The Data Act context is the starting point for this answer. For controller-to-controller sharing, each controller must be able to demonstrate GDPR compliance. The Commission FAQ says controllers should cooperate by sharing strictly necessary information so each can demonstrate compliance. That does not mean the data holder should collect excessive privacy paperwork, but it should not transmit personal data blindly.

A practical request form should ask whether the requester is the data subject, whether another lawful basis is relied on, whether special-category data may be present, whether other data subjects appear in the file, and which third party will receive the data. The data holder can then decide whether to deliver, narrow, anonymise, pseudonymise, or refuse the personal-data element.

- Ask for enough information to distinguish data-subject access from business-controller access.
- Keep only the lawful-basis evidence needed to justify the disclosure decision.
- Escalate special-category, children's, workplace, health, precise-location, or multi-user data before third-party transfer.

Sources for this answer:

- [European Commission - Data Act FAQs v1.4](https://ec.europa.eu/newsroom/dae/redirection/document/108144?ref=sorena.io) - Question 25b explains controller accountability and cooperation when personal data is shared between controllers.
- [European Commission - Data protection overview](https://commission.europa.eu/law/law-topic/data-protection_en?ref=sorena.io) - Commission overview used for the baseline point that EU data protection rules protect personal data and are enforced by data protection authorities.

## How do data-subject rights fit with Data Act access and portability?
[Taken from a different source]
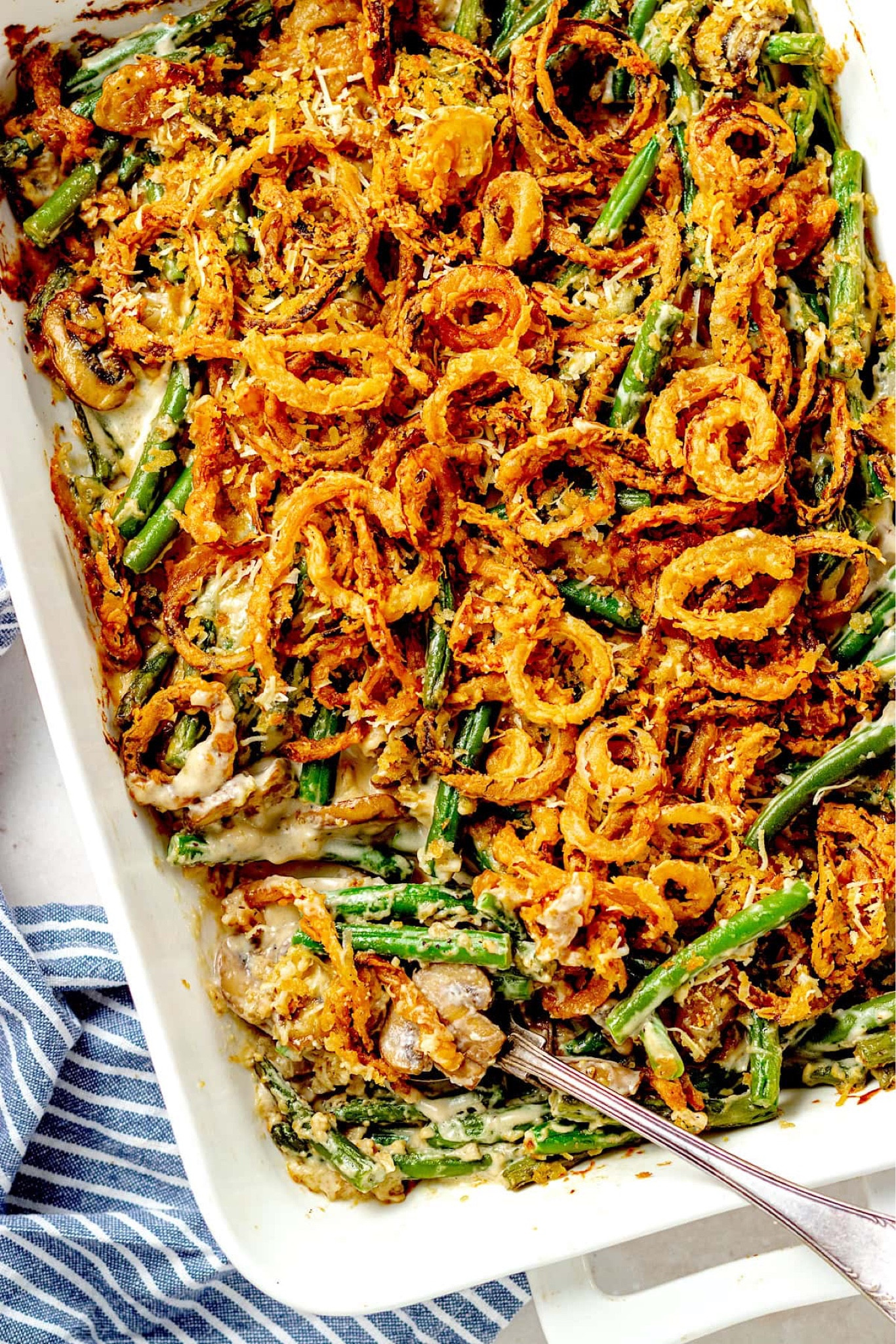 Green Bean Casserole- This classic green bean casserole is the perfect holiday side dish and a Thanksgiving favorite! Tender green beans, homemade creamy mushroom sauce, and crispy fried onions are baked until bubbly! Full recipe on my blog at TwoPeasAndTheirPod.com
Data-subject rights do not disappear because a request is framed as a Data Act request. Data subjects can still use GDPR access, portability, information, objection, restriction, and complaint routes where applicable. The Data Act can add an IoT-specific access or sharing route, but the personal-data part remains supervised through data-protection authorities.

Commission FAQ guidance says data subjects should not need to go to two authorities when access and porting rights overlap under the Data Act and GDPR. For operational teams, that means complaint handling should route privacy issues to the privacy function or DPO while preserving the Data Act request file.
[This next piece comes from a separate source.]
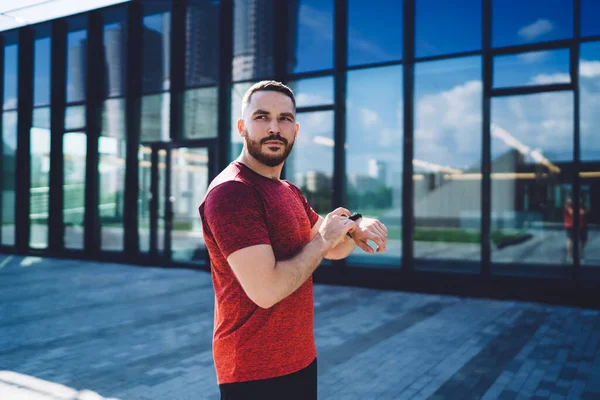 Thoughtful Bearded Guy Checking Heart Rate Smart Watch Looking Away — Zdjęcie stockowe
- Show users where Data Act access, GDPR access, and GDPR portability routes differ.
- Do not use Data Act wording to narrow GDPR rights or complaint channels.
- Log whether a request was completed as Data Act access, GDPR access, GDPR portability, or a combined response.

Sources for this answer:

- [European Commission - Data Act FAQs v1.4](https://ec.europa.eu/newsroom/dae/redirection/document/108144?ref=sorena.io) - Questions 2 and 18 explain DPA competence and the Data Act's relationship with GDPR access and portability rights.
- [Regulation (EU) 2023/2854 (Data Act)](https://eur-lex.europa.eu/eli/reg/2023/2854/oj/eng?ref=sorena.io) - Article 37(3) gives GDPR supervisory authorities responsibility for Data Act monitoring insofar as personal-data protection is concerned.

## Can trade secrets or security concerns justify limiting personal-data delivery under the Data Act?
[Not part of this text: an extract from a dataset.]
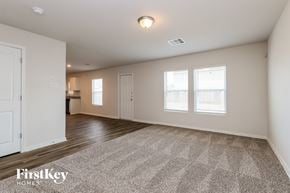 Conroe house for rent - A spacious room with a carpeted floor and two windows.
Trade secrets and GDPR are different protections. The Data Act does not remove trade-secret protection, and it allows confidentiality safeguards before disclosure. If agreed safeguards are missing or not implemented, sharing trade-secret-protected data can be withheld or suspended. In exceptional cases, refusal may be possible where disclosure is highly likely to cause serious economic damage.

Do not use a trade-secret label to hide a weak GDPR analysis, and do not use GDPR as a blanket reason to suppress non-personal data. The review should identify the affected fields, the protected interest, the safeguard proposed, and what data remains available after applying privacy, trade-secret, and security controls.

- Separate privacy redactions from trade-secret safeguards in the response record.
- Identify the trade-secret holder and the precise protected data or metadata.
- Notify and preserve challenge routes where the Data Act requires notice for withholding, suspension, or refusal.

Sources for this answer:

- [European Commission - Data Act explained](https://digital-strategy.ec.europa.eu/en/factpages/data-act-explained?ref=sorena.io) - Commission explanation of trade-secret safeguards, withholding or suspension, and exceptional refusal under the Data Act.
- [European Commission - Data Act FAQs v1.4](https://ec.europa.eu/newsroom/dae/redirection/document/108144?ref=sorena.io) - Question 23 explains the Data Act trade-secret mechanism and challenge routes.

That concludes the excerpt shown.